Wisst ihr woran es liegen könnte?

Gruß
der Felix


----------



## André Uhres (27. Mrz 2006)

Vielleicht daran daß du addarr[6] zweimal hinzufügst?


----------



## abollm (27. Mrz 2006)

Wie A. Uhres schon vermutet hat, wird es wohl daran liegn, dass du zweimal den gleichen Wert zusätzlich zu den sonstigen Werten in die Tabelle einzufügen versuchst.

Die von dir angegebene Meldung ist eindeutig: die Anzahl der Spalten stimmt für den einzufügenden (ersten!) Datensatz nicht mit dr Anzahl der Spalten in der Tabelle überein. Und zwar versuchst du mindestens einen Wert mehr, als Spalten vorhanden sind, in die Tabelle einzufügen.


----------



## SamHotte (28. Mrz 2006)

1. SQL-Statements auf die Weise zusammenzustückeln ist schwer zu debuggen. Versuch mal, statt dessen mit einem PreparedStatement zu arbeiten.
2. catch (Exception e) sorgt ebenfalls (meistens) dafür, dass man die eigentliche Fehlerursache erstmal nicht findet ...


----------



## bronks (28. Mrz 2006)

SamHotte hat gesagt.:
			
		

> 1. SQL-Statements auf die Weise zusammenzustückeln ist schwer zu debuggen.

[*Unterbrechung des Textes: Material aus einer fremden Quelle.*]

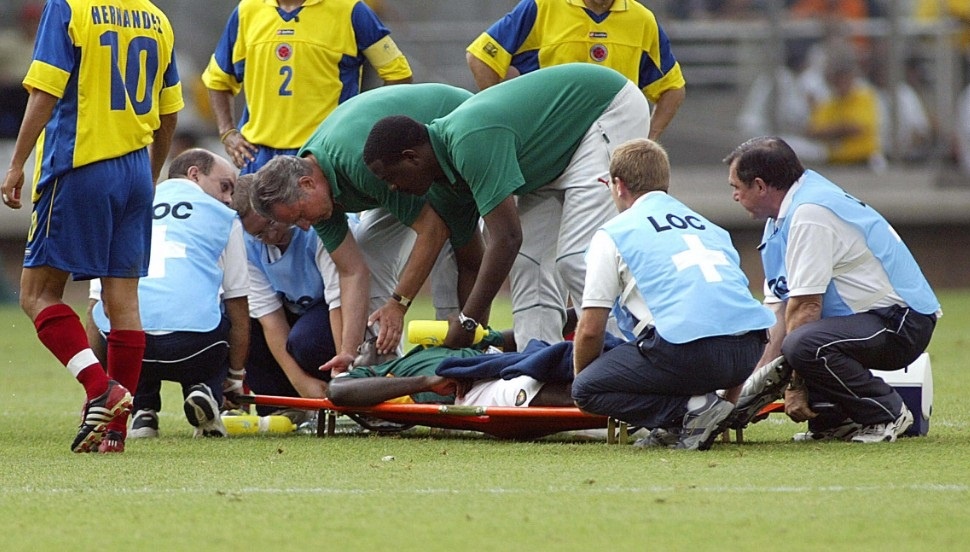 Tien dao Herman Tsinga thiet mang sau pha tranh chap bong hinh anh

Versuch mal, statt dessen mit einem PreparedStatement zu arbeiten ...


Schön, daß sich mit dem Debuggen von PreparedStatements jemand auskennt und hab da gleich mal ne Frage: Wie entlocke ich dem PreparedStatementObjekt den SQL, der ausgeführt werden soll?


----------



## Felix (28. Mrz 2006)

kk, danke damit funktioinierts, ich hatte tatsächlich einfach einen Wert zuviel übergeben. Viel erfolg noch bei deiner Suche bronks


----------



## SamHotte (28. Mrz 2006)

Den "richtigen" SQL-String bekommst du nicht mehr, aber das macht nichts:
PreparedStatement.getMetaData() bzw. PreparedStatement.getParameterMetaData() reichen eigentlich meist, um zu debuggen.


----------